Horizon is focused on researching, developing and commercializing medicines that address critical needs for people impacted by rare and rheumatic diseases. Our pipeline is purposeful: we apply scientific expertise and courage to bring clinically meaningful therapies to patients. We believe science and compassion must work together to transform lives. For more information on how we go to incredible lengths to impact lives, please visit www.horizontherapeutics.com, follow us @HorizonNews on Twitter, like us on Facebook or explore career opportunities on LinkedIn.
Forward Looking Statements
This press release contains forward-looking statements, including, but not limited to, statements related to expected financial performance and operating results in future periods, including potential growth in net sales of certain of Horizon’s medicines; plans with respect to product development efforts; potential market opportunity for, regulatory approval of and benefits of Horizon’s medicines and medicine candidates; statements regarding the timing of an FDA decision on the teprotumumab BLA; expectations regarding the review of the BLA and the potential benefits of teprotumumab to patients; and business and other statements that are not historical facts. These forward-looking statements are based on Horizon’s current expectations and inherently involve significant risks and uncertainties.

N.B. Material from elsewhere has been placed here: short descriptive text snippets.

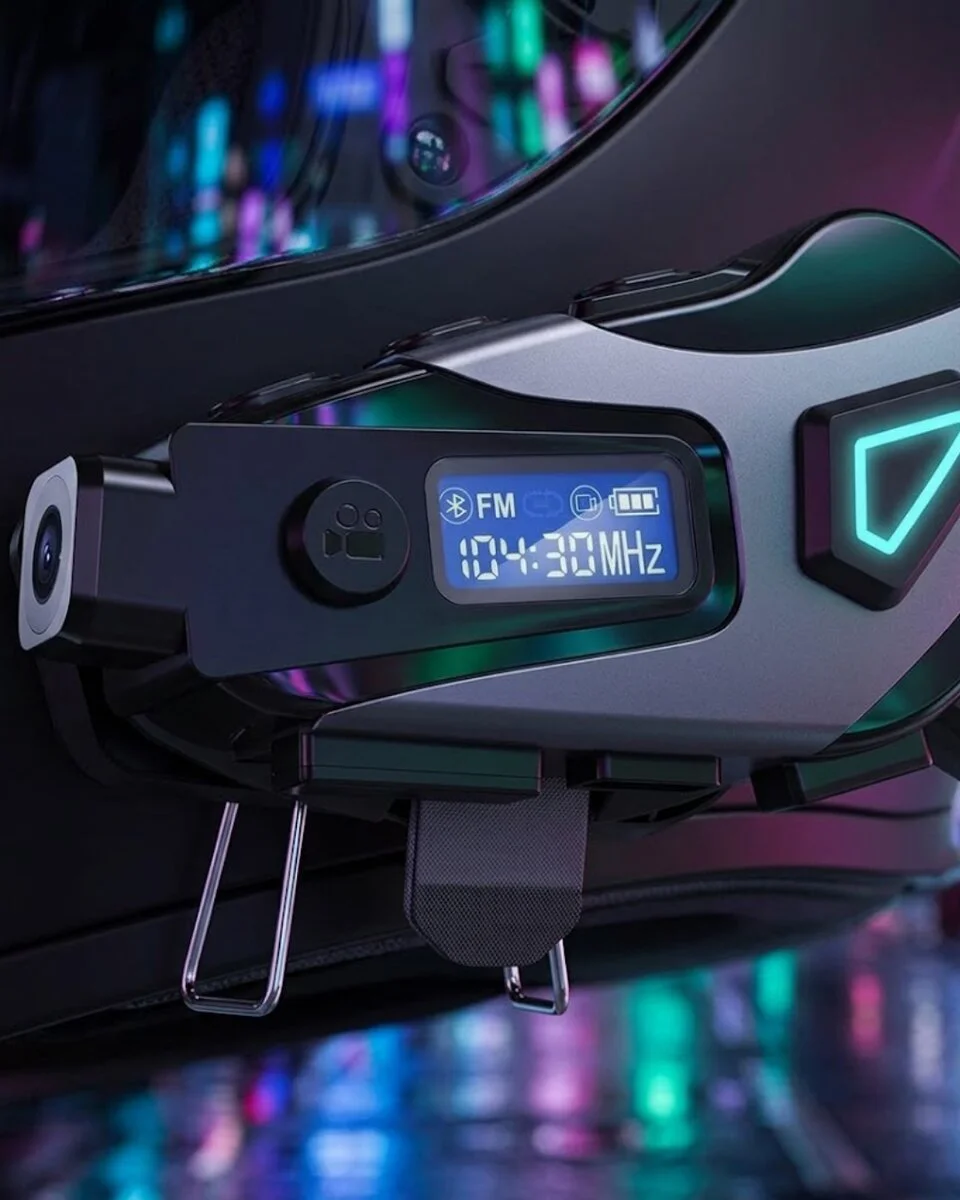 Motosiklet Kask Kulaklığı Bluetooth 5.3 Kamera ve FM Radyo Destekli Fiyatı, Yorumları ve Özellikleri
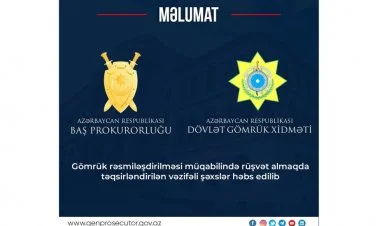 Gömrükdə əməliyyat keçirildi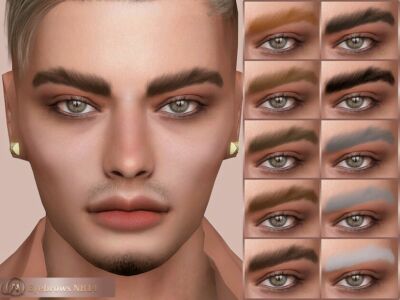 Eyebrows NB14 By Msqsims Sims 4 CC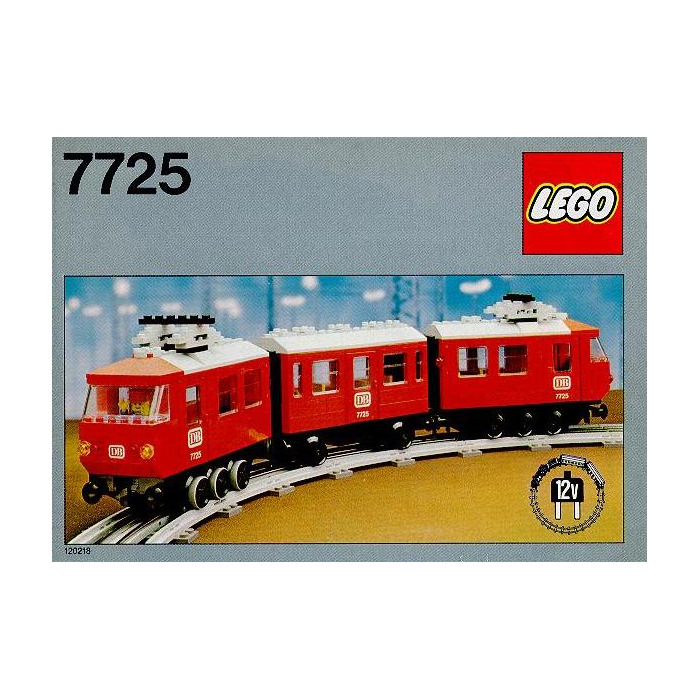 LEGO Electric Passenger Train Set 7725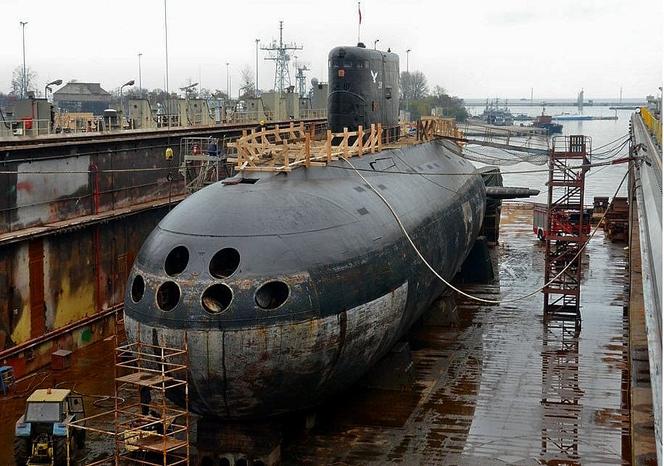 ORP Orzeł, okręt podwodny, rfemont, Marynarka Wojenna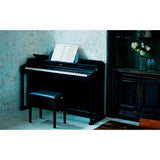 Piano Digital Casio 88 Teclas Celviano Negro (Incluye: Adaptador de Corriente 12V) AP-470BK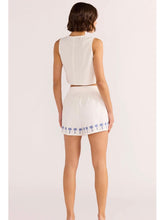 Load image into Gallery viewer, MinkPink Isadora Embroidered Shorts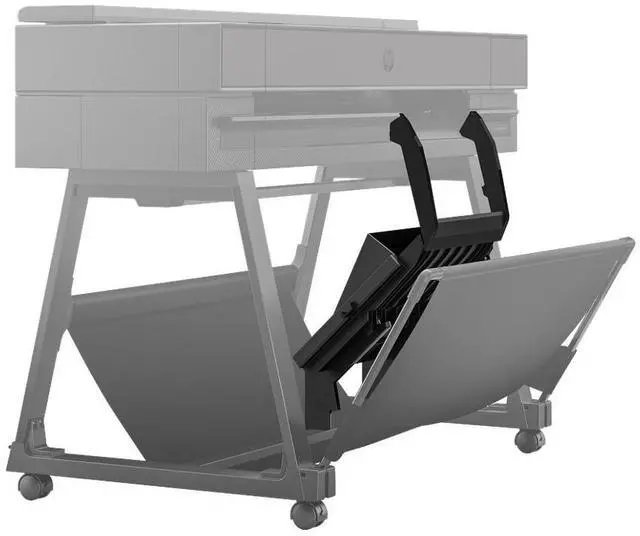 Alt view image 4 of 5 - HP DesignJet T850 Sheet Organizer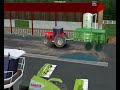 Ground Work on Sim tractor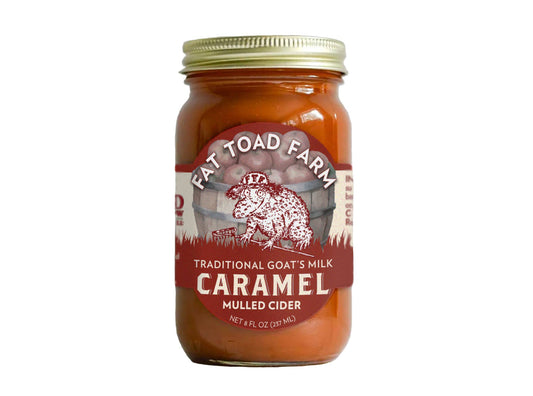 8oz Mulled Cider Goat's Milk Caramel
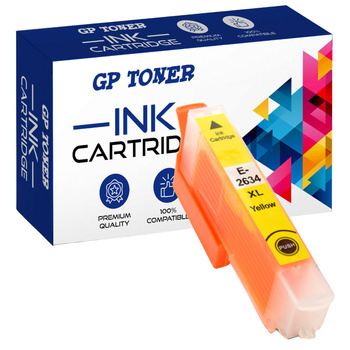 Ersatztinte Epson XP-600, XP-700, XP-800 – gelb GP-E2634XL Y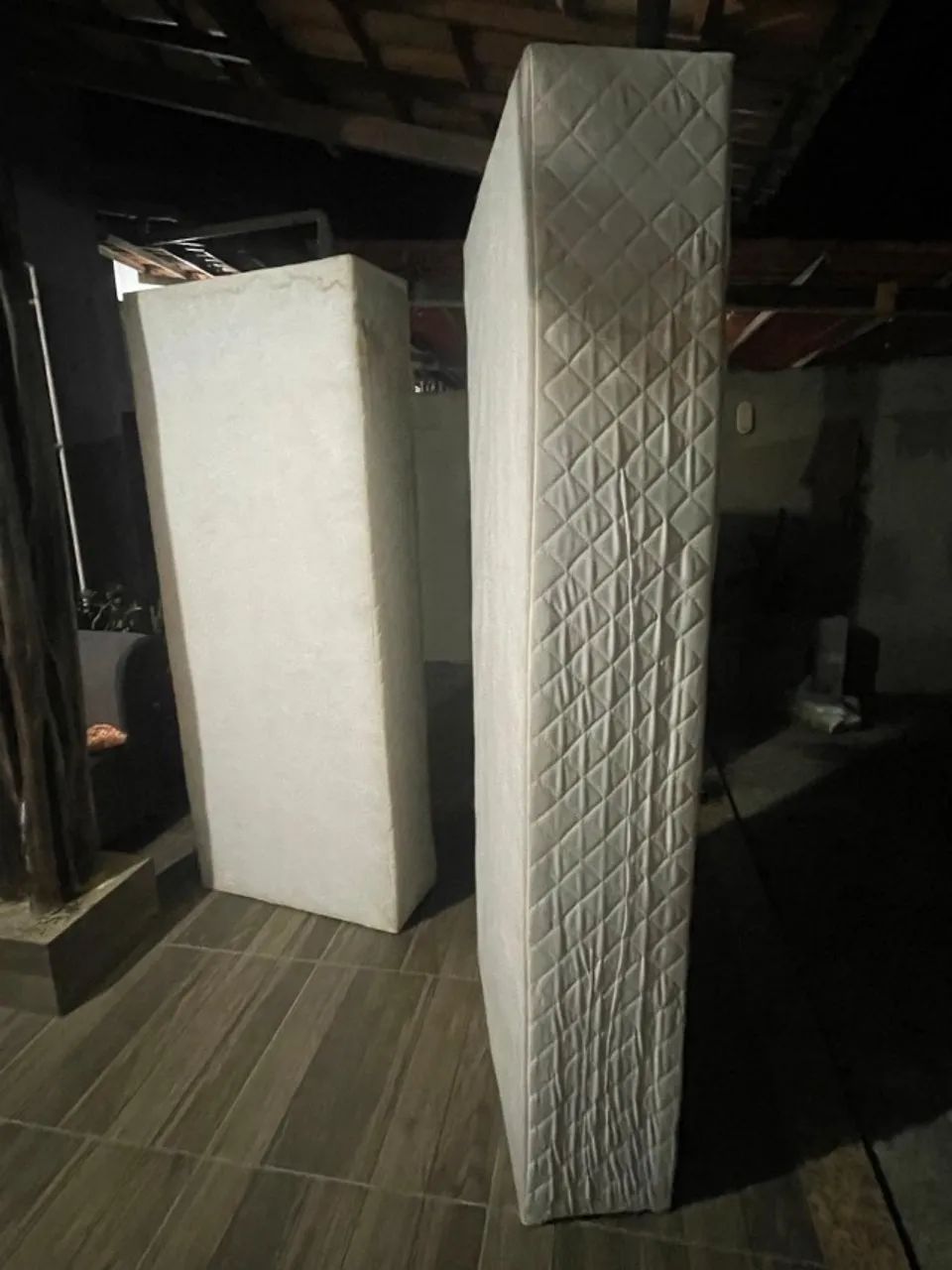 Base de cama solteiro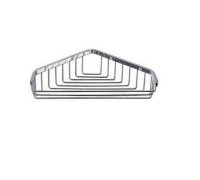 Мыльница угловая G-lauf 27 см хром GH15651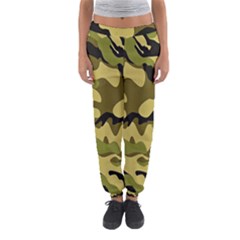 Army Camouflage Texture Women s Jogger Sweatpants by nateshop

Actual results and the timing of events could differ materially from those anticipated in such forward-looking statements as a result of these risks and uncertainties, which include, without limitation, risks that Horizon’s actual future financial and operating results may differ from its expectations or goals; Horizon’s ability to grow net sales from existing medicines and successfully launch new medicines; the availability of coverage and adequate reimbursement and pricing from government and third-party payers; risks relating to Horizon’s ability to successfully implement its business strategies; risks inherent in developing novel medicine candidates and existing medicines for new indications; risks associated with regulatory approvals; risks in the ability to recruit, train and retain qualified personnel; competition, including potential generic competition; the ability to protect intellectual property and defend patents; regulatory obligations and oversight, including any changes in the legal and regulatory environment in which Horizon operates and those risks detailed from time-to-time under the caption "Risk Factors" and elsewhere in Horizon’s filings and reports with the SEC. Horizon undertakes no duty or obligation to update any forward-looking statements contained in this press release as a result of new information.